Scientific classification
- Kingdom: Animalia
- Phylum: Chordata
- Class: Aves
- Order: Passeriformes
- Family: Thraupidae
- Genus: Conirostrum
- Species: C. binghami
- Binomial name: Conirostrum binghami (Chapman, 1919)
- Synonyms: Oreomanes fraseri

= Giant conebill =

- Genus: Conirostrum
- Species: binghami
- Authority: (Chapman, 1919)
- Conservation status: NT
- Synonyms: Oreomanes fraseri

Species of bird

The giant conebill (Conirostrum binghami) is a small passerine bird, one of the tanager family. It is closely related to the regular conebills Conirostrum though it differs in its larger size and nuthatch-like foraging habits.

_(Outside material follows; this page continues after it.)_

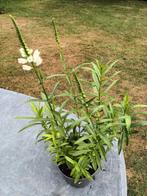 Physostegia Alba, Ophalen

The giant conebill is 15 cm in length and weighs 22–27 g. It is grey above, deep chestnut below, and with a white patch on the cheeks. It is found in the Andes from Colombia to Ecuador, and Peru to Bolivia. It lives in Polylepis trees of the family Rosaceae.

The giant conebill lives individually or in groups of 5 or less. It peels bark off Polylepis trees to find insects. It also eats aphids and sugary solutions secreted by Gynoxys. The species is a seasonal breeder, nesting at the start of the rainy season (September to December in Bolivia where it has been studied). The nest is an open cup set on the branches of Polylepis, and the average clutch size is 1.8 eggs. Both parents incubate the eggs, feed the chicks and remove the fecal sacs.

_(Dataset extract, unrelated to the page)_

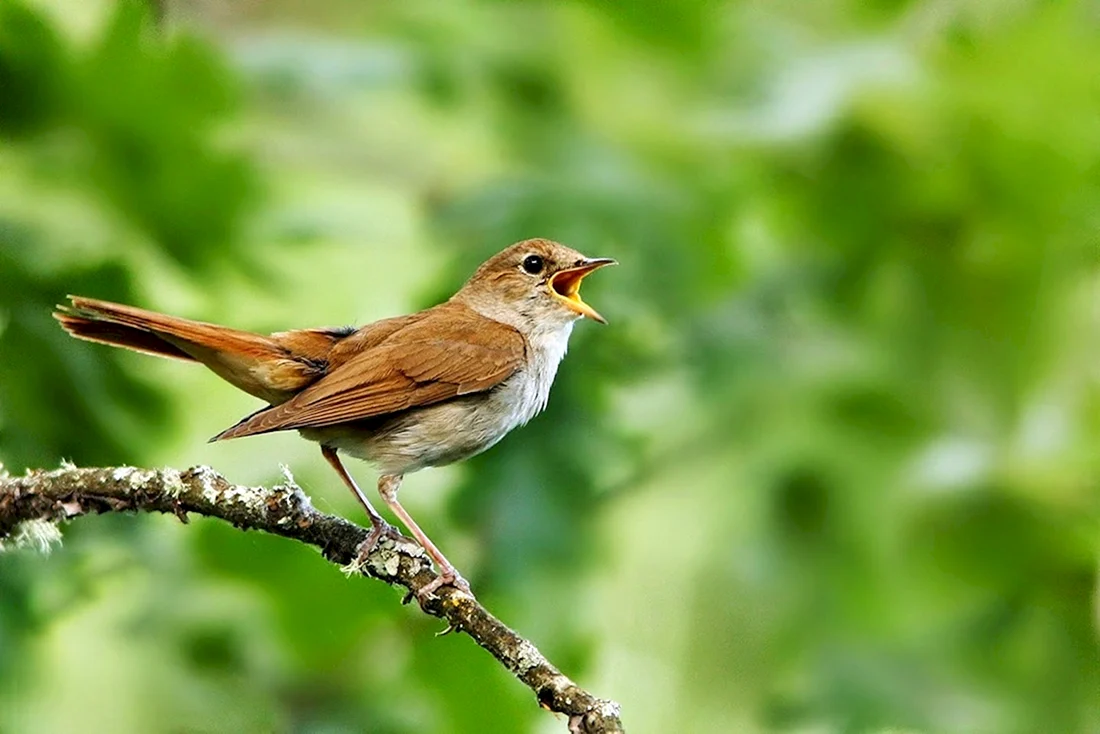 Luscinia megarhynchos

Its decline is attributed to the destruction and fragmentation of Polylepis woodland.

==Taxonomy==
The taxonomy is complicated. The giant conebill was formally described in 1860 by the English zoologist Philip Sclater from a specimen collected by Louis Fraser. Sclater coined the binomial name Oreomanes fraseri. A molecular phylogenetic study published in 2014 found that the giant conebill was embedded in a clade containing members of the genus Conirostrum. As Conirostrum d'Orbigny & Lafresnaye, 1838, was introduced before Oreomanes Sclater, 1860, Conirostrum has priority and Oreomanes was merged into Conirostrum. But as the cinereous conebill has a recognised subspecies, Conirostrum cinereum fraseri Sclater, 1859, the specific name of the giant conebill was changed to that of its junior synonym Oreomanes binghami. This had been introduced in 1919 by the American ornithologist Frank Chapman based on a specimen collected near Machu Picchu in Peru. The specific epithet was chosen to honour Hiram Bingham. The giant conebill is monotypic: no subspecies are recognised.